投手の基本は「原点投球」というのは、亡くなった野村克也元ヤクルト監督だった。
「すべてのピッチングの原点は外角低めの真っ直ぐ。その原点投球の力を養うことが、投手の先ず課せられる課題だ」
野村の教えである。
ところが真っ直ぐがシュート回転すれば、当然、その“原点”を狙ったボールがホームプレートの中に、中に入ってくることになる。苦しいときにこそ必要な“原点投球”が、逆に打者にとっては甘い絶好球になる危険性を孕むことになる、ということだ。
大勢の投球を見ていると、ほぼほぼ真っ直ぐはシュート回転で、フォークも少しシュート気味に右にスライドしながら落ちる。
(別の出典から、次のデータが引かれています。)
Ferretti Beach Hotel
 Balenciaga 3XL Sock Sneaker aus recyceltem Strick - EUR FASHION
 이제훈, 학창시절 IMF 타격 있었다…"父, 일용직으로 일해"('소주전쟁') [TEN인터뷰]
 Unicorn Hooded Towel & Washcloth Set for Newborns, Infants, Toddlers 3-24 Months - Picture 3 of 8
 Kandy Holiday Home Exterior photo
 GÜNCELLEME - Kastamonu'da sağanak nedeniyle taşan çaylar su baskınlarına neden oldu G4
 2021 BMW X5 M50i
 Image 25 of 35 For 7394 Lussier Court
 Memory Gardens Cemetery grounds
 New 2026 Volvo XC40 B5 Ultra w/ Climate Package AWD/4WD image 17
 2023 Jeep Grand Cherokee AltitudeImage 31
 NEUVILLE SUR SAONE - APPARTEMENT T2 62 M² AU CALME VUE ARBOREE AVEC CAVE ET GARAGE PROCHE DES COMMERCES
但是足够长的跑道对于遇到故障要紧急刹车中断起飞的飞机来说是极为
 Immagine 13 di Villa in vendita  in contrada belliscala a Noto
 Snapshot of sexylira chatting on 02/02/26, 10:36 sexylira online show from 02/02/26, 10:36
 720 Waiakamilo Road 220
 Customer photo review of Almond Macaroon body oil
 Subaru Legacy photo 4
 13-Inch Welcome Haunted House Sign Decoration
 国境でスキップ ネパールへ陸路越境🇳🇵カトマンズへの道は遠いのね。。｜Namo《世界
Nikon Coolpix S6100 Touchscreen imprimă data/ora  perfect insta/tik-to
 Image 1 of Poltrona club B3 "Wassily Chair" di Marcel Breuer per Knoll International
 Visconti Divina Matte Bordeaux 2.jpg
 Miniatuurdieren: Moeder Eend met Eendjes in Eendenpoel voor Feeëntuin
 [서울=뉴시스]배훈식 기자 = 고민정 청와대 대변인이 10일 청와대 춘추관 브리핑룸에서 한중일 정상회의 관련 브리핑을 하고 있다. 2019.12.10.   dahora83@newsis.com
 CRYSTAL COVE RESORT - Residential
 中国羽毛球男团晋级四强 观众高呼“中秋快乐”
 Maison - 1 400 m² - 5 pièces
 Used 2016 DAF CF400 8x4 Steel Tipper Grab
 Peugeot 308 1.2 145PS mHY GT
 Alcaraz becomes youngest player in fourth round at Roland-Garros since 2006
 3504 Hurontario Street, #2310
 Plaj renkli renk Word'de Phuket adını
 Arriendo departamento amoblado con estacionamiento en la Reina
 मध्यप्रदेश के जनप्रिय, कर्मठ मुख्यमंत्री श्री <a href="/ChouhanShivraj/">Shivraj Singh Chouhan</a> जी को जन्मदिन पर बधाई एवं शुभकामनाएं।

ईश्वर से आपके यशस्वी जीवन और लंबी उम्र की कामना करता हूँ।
それが右打者には真ん中からインコースに投げれば、手元で食い込んでくる球筋となり、左打者には逆に逃げていく球筋となって、有効な武器となっているわけだ。
ただ、確かに外を狙った真っ直ぐはあまりシュートしないで、むしろカット気味に外角に決まることが多い。
「サイドスローやアンダースローの投手の外角の球がシュート回転するなら、手首を立てればいいんだ」
巨人の投手コーチ時代の堀内恒夫さんからこんな話を聞いたことがある。